The manufacturing process which produces ordinary portland cement, the ubiquitous ingredient in the concrete used around the world, is a major contributor to greenhouse gas emissions. Portland cement is the gray powder binder that mixes with water to form concrete, and manufacturers make about 5 billions tons of the stuff each year. For every ton of cement produced, the process creates approximately a ton of carbon dioxide, all of which accounts for roughly 7 percent of the world’s carbon dioxide emissions.
Economic studies indicate that the demand for concrete and thus portland cement will continue to grow each year, which means that anything that can be done to lessen the environmental impact of this production is a welcome step, and could even be a substantial money saver for companies that are required to pay carbon-emissions taxes.
Gaurav Sant is an associate professor of civil and environmental engineering at University of California – Los Angeles and UCLA’s Edward K. and Linda L. Rice professor of materials science.
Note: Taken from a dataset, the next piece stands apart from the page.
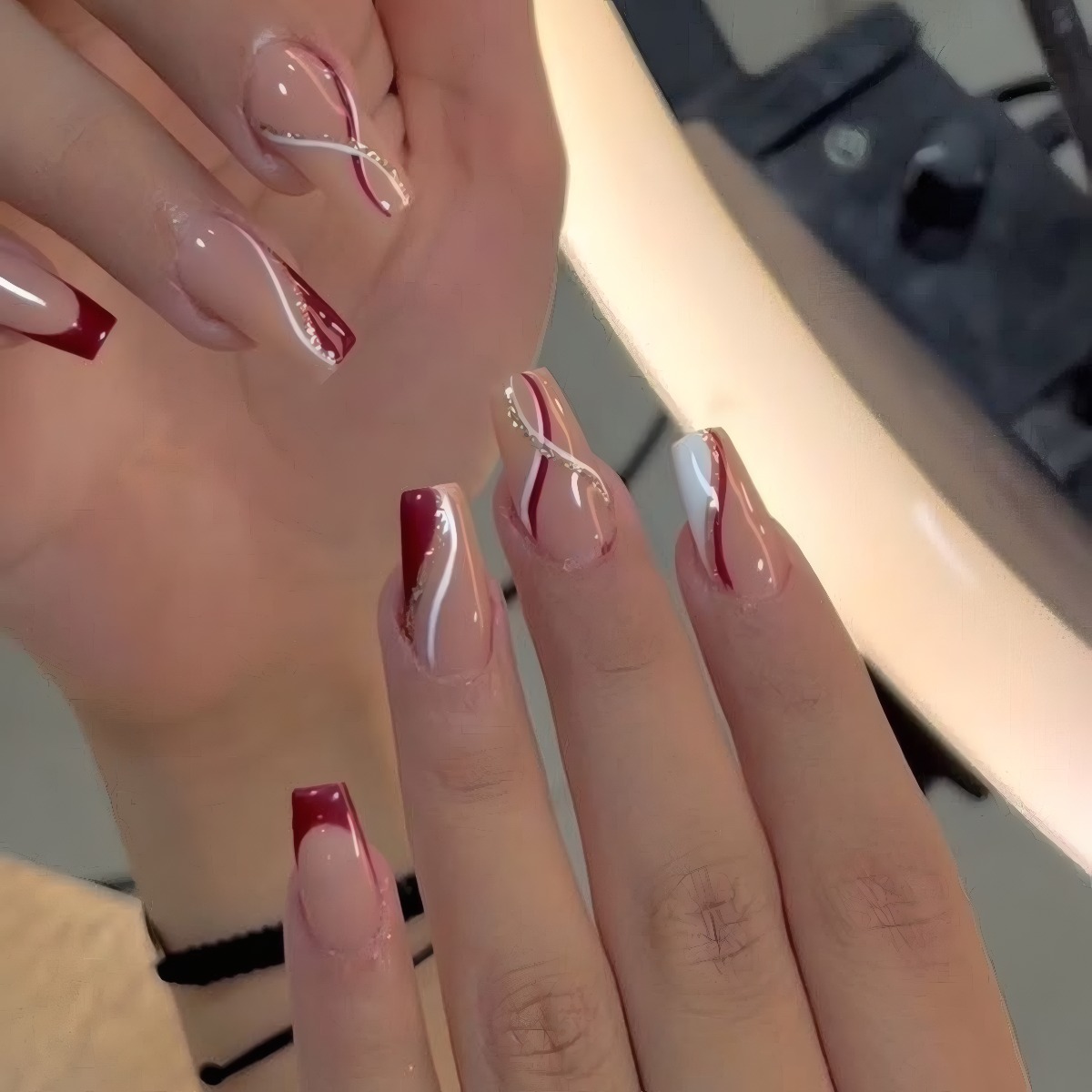 TEMU 24pcs Elegant Fashion Medium Coffin Press On Nails Glossy Red White Glitter Fit Perfectly Kit Full Cover False Nails Includes 1sheet Adhesive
He’s also a scientist with California NanoSystems Institute at UCLA who recently completed research that could eventually lead to methods of cement production that give off no carbon dioxide, the gas that composes 82 percent of greenhouse gases.
Sant has found that carbon dioxide released during cement manufacture could be captured and reused. The new research has been published in the journal Industrial and Engineering Chemistry Research.
Two steps in cement manufacturing are responsible for carbon emissions. To create cement, the raw material limestone is heated to about 750 degrees Celsius. This process, known as calcination, separates limestone into calcium oxide, or what’s known as lime, and carbon dioxide gas. Lime is a corrosive and unstable solid, but when combined with water, a process called slaking, it forms a more stable compound called calcium hydroxide. Sixty-five percent of the carbon dioxide emitted during the production of cement comes from this calcination process.
A material known as tricalcium silicate is the major compound in portland cement. This material hardens like stone when it is combined with water, which is what makes cemet the perfect binder. Tricalcium silicate is produced by combining lime with silica-containing sand and heating the mixture to 1,500 degrees Celsius. Thirty-five percent of the carbon dioxide emitted during the production of cement is given off by this process of heating the tricalcium silicate compound.
Sant and his team showed that the carbon dioxide given off during calcination can be captured and recombined with calcium hydroxide to recreate limestone — creating a cycle in which no carbon dioxide is released into the air. In addition, about 50 percent less heat is needed throughout the production cycle, since no additional heat is required to ensure the formation of tricalcium silicate.
The laboratory research that Sant and his colleagues have done was conducted on a small sample size, but Sant believes that the time is right to move into the mainstream with this idea.